## [Brief]
From the line that contains "House Journey Nomad" down to the last line of the listing below, reproduce each line exactly but not the pictures.

## [Collected data]
* * *

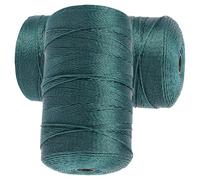 TOYANDONA Cuerda de Nailon Trenzada para Reparación de Redes de Pesca Hilo Resistente de 24 Hebras Cuerda de Tracción para Redes Marinas Agua Dulce Paquete de 2 Unidades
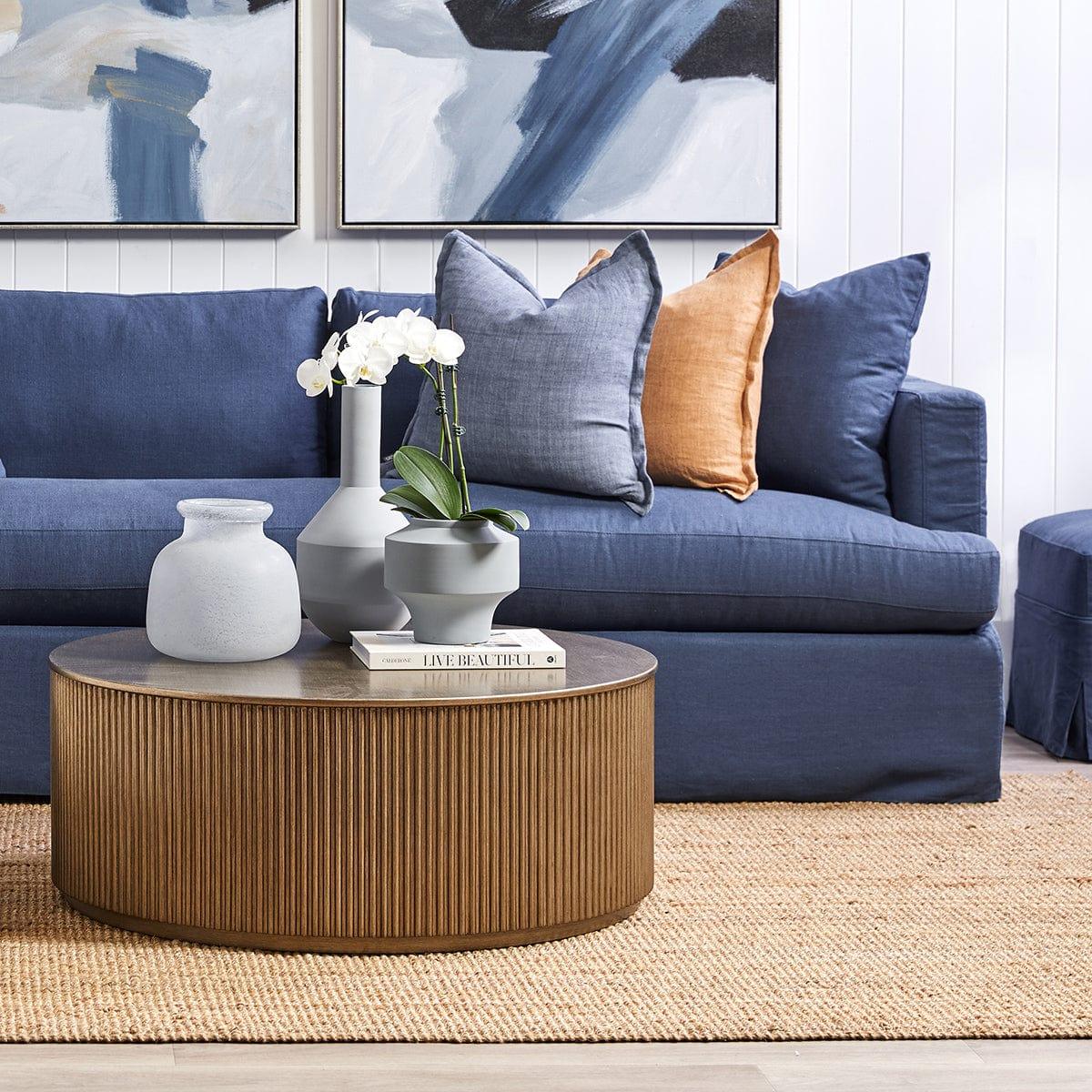 House Journey Nomad Round Coffee Table - Antique Gold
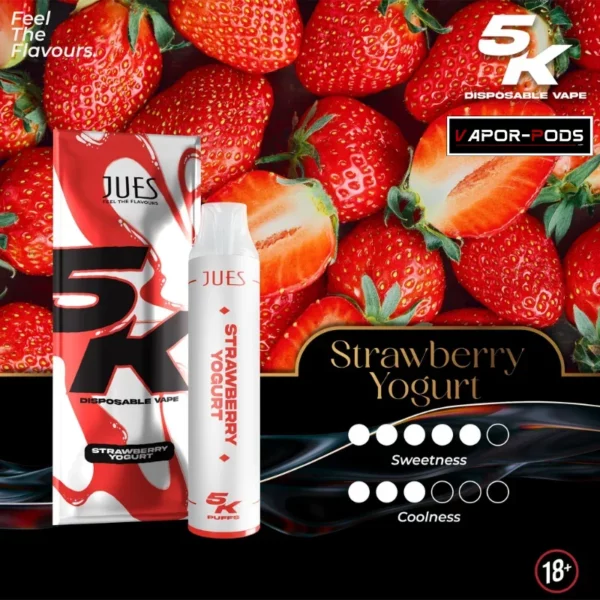 JUES 5000 คำ กลิ่น Strawberry Yogurt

* * *

## [Exercise result]
 House Journey Nomad Round Coffee Table - Antique Gold
 JUES 5000 คำ กลิ่น Strawberry Yogurt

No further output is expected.